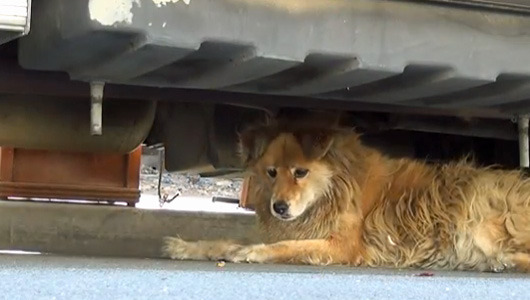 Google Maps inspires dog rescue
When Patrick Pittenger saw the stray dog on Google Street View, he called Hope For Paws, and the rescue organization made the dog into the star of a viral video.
· · ·
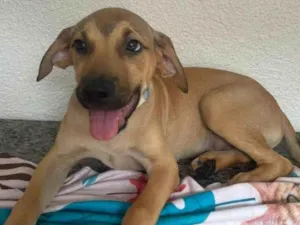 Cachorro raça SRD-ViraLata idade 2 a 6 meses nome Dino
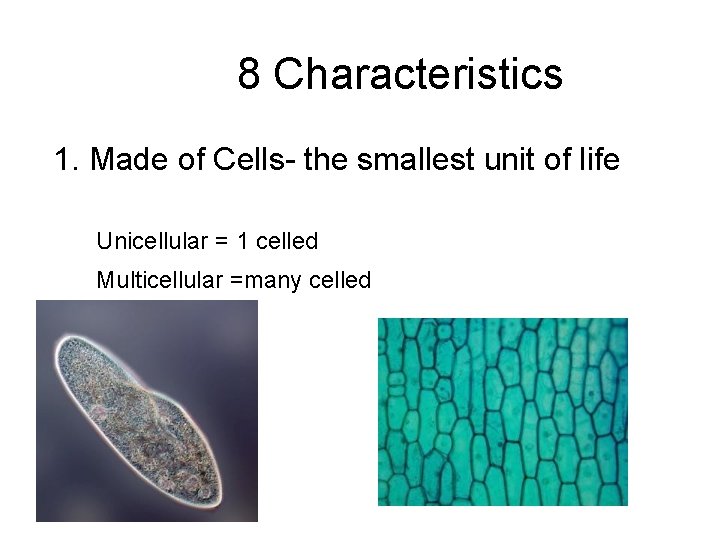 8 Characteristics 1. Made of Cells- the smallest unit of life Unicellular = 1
· · ·
# [Work item]
Give the lines above again exactly, from the one containing "Google Maps inspires dog rescue" to the one containing "When Patrick Pittenger", both included, but leave out the pictures.

# [Reply]
 Google Maps inspires dog rescue
When Patrick Pittenger saw the stray dog on Google Street View, he called Hope For Paws, and the rescue organization made the dog into the star of a viral video.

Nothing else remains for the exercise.